There have been reports of the Garda visiting meat processing plants to warn workers that breaches of social distancing guidelines and regulations will not be tolerated. Many of these workers are on low paid contracts resulting in them having to live in extremely cramped conditions with non-relatives and sometimes with colleagues or workers from other meat processing plants. This increases the risk of the virus spreading and makes adherence to the HSE guidelines impossible. Will the Minister comment on the issue of workers in the meat processing sector who have contracted the virus but are not in a position to self-isolate and adhere to social distance guidelines due to their living in cramped conditions with non-relatives?

Some of my colleagues will know that I was raised in the market town of Carrickmacross, where I fondly remember wandering around the cattle market on Fridays, looking curiously at the animals in their stalls and the hustle and bustle of the auction house.

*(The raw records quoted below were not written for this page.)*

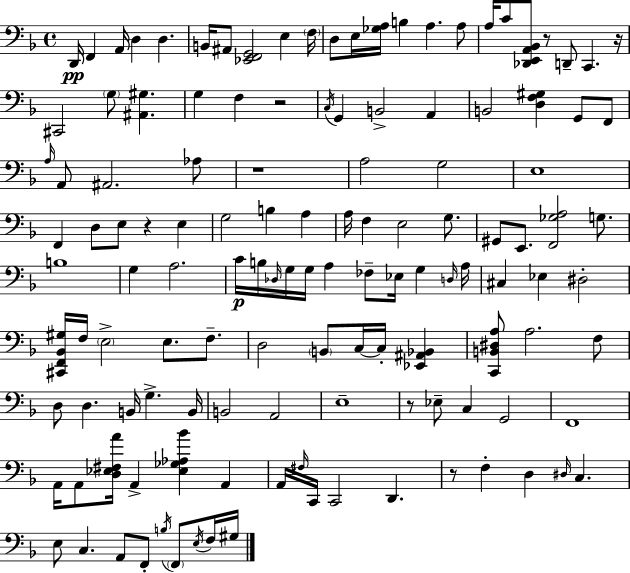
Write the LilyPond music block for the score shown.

{
  \clef bass
  \time 4/4
  \defaultTimeSignature
  \key d \minor
  d,16\pp f,4 a,16 d4 d4. | b,16 ais,8 <ees, f, g,>2 e4 \parenthesize f16 | d8 e16 <ges a>16 b4 a4. a8 | a16 c'8 <des, e, a, bes,>8 r8 d,8-- c,4. r16 | \break cis,2 \parenthesize g8 <ais, gis>4. | g4 f4 r2 | \acciaccatura { c16 } g,4 b,2-> a,4 | b,2 <d f gis>4 g,8 f,8 | \break \grace { a16 } a,8 ais,2. | aes8 r1 | a2 g2 | e1 | \break f,4 d8 e8 r4 e4 | g2 b4 a4 | a16 f4 e2 g8. | gis,8 e,8. <f, ges a>2 g8. | \break b1 | g4 a2. | c'16\p b16 \grace { des16 } g16 g16 a4 fes8-- ees16 g4 | \grace { d16 } a16 cis4 ees4 dis2-. | \break <cis, f, bes, gis>16 f16 \parenthesize e2-> e8. | f8.-- d2 \parenthesize b,8 c16~~ c16-. | <ees, ais, bes,>4 <c, b, dis a>8 a2. | f8 d8 d4. b,16 g4.-> | \break b,16 b,2 a,2 | e1-- | r8 ees8-- c4 g,2 | f,1 | \break a,16 a,8 <d ees fis a'>16 a,4-> <ees ges aes bes'>4 | a,4 a,16 \grace { fis16 } c,16 c,2 d,4. | r8 f4-. d4 \grace { dis16 } | c4. e8 c4. a,8 | \break f,8-. \acciaccatura { b16 } \parenthesize f,8 \acciaccatura { e16 } f16 gis16 \bar "|."
}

I also recall the relatively open nature of the slaughter of animals in the local butcher's shop. However, over the years, this sector has become overly industrialised. While there have been efforts made to improve animal welfare, there have been no similar efforts to improve the welfare of farmers and the industry's workforce. This is an industry that appears to treat its livestock better than it treats it people.

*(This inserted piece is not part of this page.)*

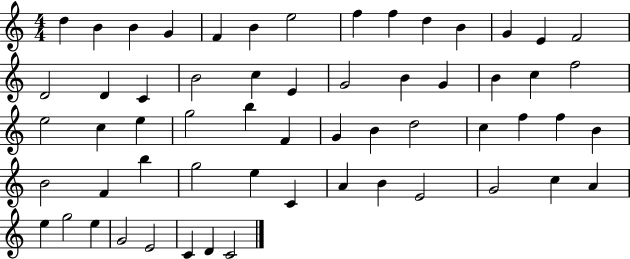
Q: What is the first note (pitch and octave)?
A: D5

As matters stand, three companies control 65% of the traditional Irish beef processing market. The IFA and other farmer representative organisations have accused the industry of cartel-like behaviour. These companies have continued to amass huge profits and market share at the expense of our farmers. The organic beef market is in even worse shape, with only two processors, both of which are controlled by a single majority shareholder. It is clear that we need to shift our focus to create a circular economy that would allow for local and community-led production. Not only would this make the whole industry more sustainable, it would also allow our farmers more control of the market, shortening the supply chain as a result and increasing community income.

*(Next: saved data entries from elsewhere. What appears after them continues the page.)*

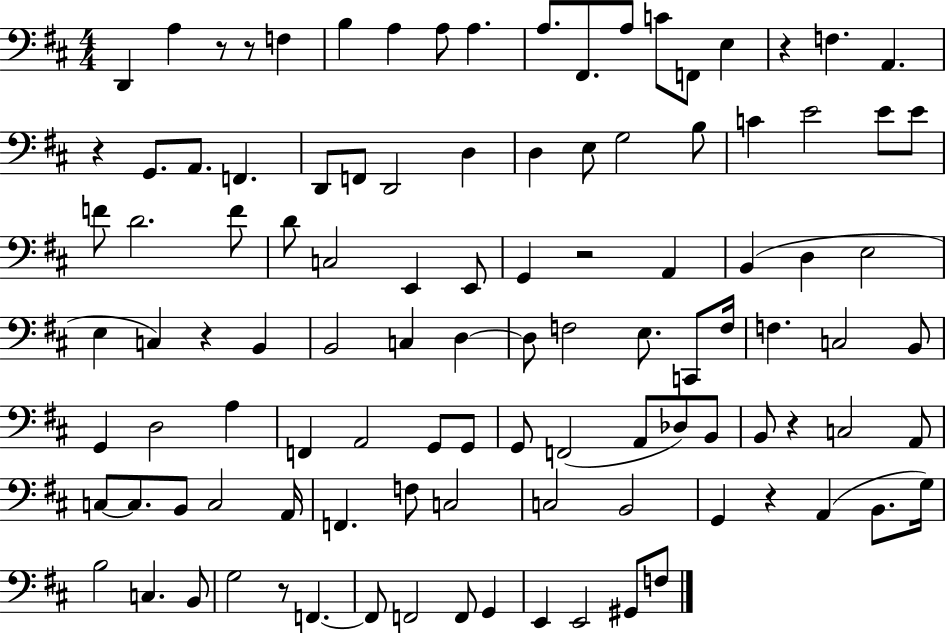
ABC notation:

X:1
T:Untitled
M:4/4
L:1/4
K:D
D,, A, z/2 z/2 F, B, A, A,/2 A, A,/2 ^F,,/2 A,/2 C/2 F,,/2 E, z F, A,, z G,,/2 A,,/2 F,, D,,/2 F,,/2 D,,2 D, D, E,/2 G,2 B,/2 C E2 E/2 E/2 F/2 D2 F/2 D/2 C,2 E,, E,,/2 G,, z2 A,, B,, D, E,2 E, C, z B,, B,,2 C, D, D,/2 F,2 E,/2 C,,/2 F,/4 F, C,2 B,,/2 G,, D,2 A, F,, A,,2 G,,/2 G,,/2 G,,/2 F,,2 A,,/2 _D,/2 B,,/2 B,,/2 z C,2 A,,/2 C,/2 C,/2 B,,/2 C,2 A,,/4 F,, F,/2 C,2 C,2 B,,2 G,, z A,, B,,/2 G,/4 B,2 C, B,,/2 G,2 z/2 F,, F,,/2 F,,2 F,,/2 G,, E,, E,,2 ^G,,/2 F,/2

Ireland has recently enjoyed success in the creation of local businesses in similar areas. In recent decades, we have seen a huge increase in the number of micro breweries and distilleries, where before there was only a handful of big players. The State has given the needed support for that industry to prosper and generate sustainable local business. It is possible to buy locally sourced and slaughtered products in many parts of the country, and this creates sustainable jobs for our communities and high-quality food for consumers. We have also seen success with dairy farmers having access to co-operatives. The recent crisis has made it abundantly clear that changes like these, and more, need to be made to improve the working conditions in our beef industry. After consulting the independent research conducted by the IFA, I ask the Minister, if beef processing is so profitable, why have we not seen the emergence of successful beef farmer co-operatives? What is Teagasc doing to give beef farmers support and assistance to improve their efficiency, sustainability and profitability? Finally, considering that there is high transparency when it comes to cattle prices, I ask the Minister if data on the prices paid to the processors by the retailers can be made public.